Since its introduction by Cuschieri et al. in 1992,22 laparoscopic paraoesophageal hernia repair has gained popularity and proven to be feasible, safe and effective.2330 Laparoscopy provides an attractive option because it combines some of the advantages of both thoracotomy (access to the hiatus and ability to perform extensive mobilisation of the oesophagus under direct vision) and laparotomy (lower morbidity and no need for single-lung ventilation or postoperative chest tube). Further, this minimally invasive approach may be better suited for the elderly patients in whom this disease most commonly occurs.

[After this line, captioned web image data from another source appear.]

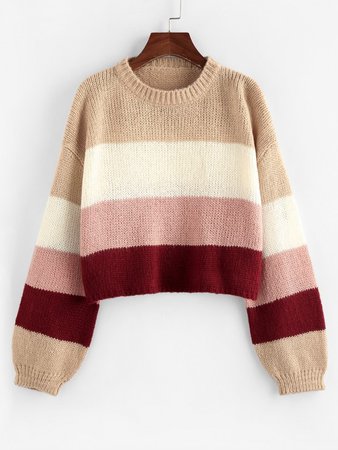 [33% OFF] [POPULAR] 2020 ZAFUL Colorblock Drop Shoulder Crop Sweater In LIGHT PINK | ZAFUL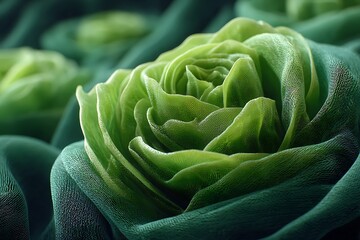 Fototapeta premium A captivating macro shot of a green rose, showcasing intricate details and a soothing, elegant floral arrangement.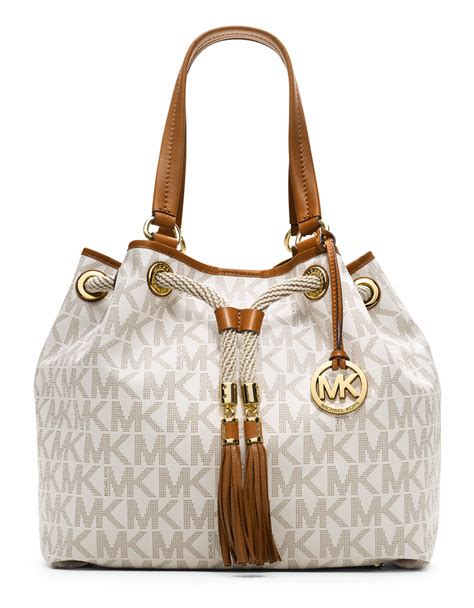 white tote bag michael kors|michael kors large monogram tote.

This is a technically challenging operation that requires advanced laparoscopic skills, but when performed properly, carries a recurrence rate similar to the open approach.31

Set-up and port placement

The patient is placed in the supine split-leg position under general anaesthesia. Intravenous antibiotics are given, and sequential compression devices and a Foley catheter are placed. The operating surgeon stands between the patient’s legs, with the first assistant positioned on the patient’s left side.

A total of five trocars are used (Fig. 17.2). Peritoneal access is gained using a Veress needle, and an 11-mm trocar is placed just left of the midline, 15 cm caudal to the xyphoid process. Two ports are placed in the left subcostal position, a 12-mm trocar 12 cm lateral to the xyphoid process, and a 5-mm trocar 8 cm further to the left. Finally, two 5-mm ports are placed along the right costal margin, one in the subxyphoid position and the second approximately 10 cm lateral. A Nathenson liver retractor is used to retract the left lobe of the liver and expose the oesophageal hiatus.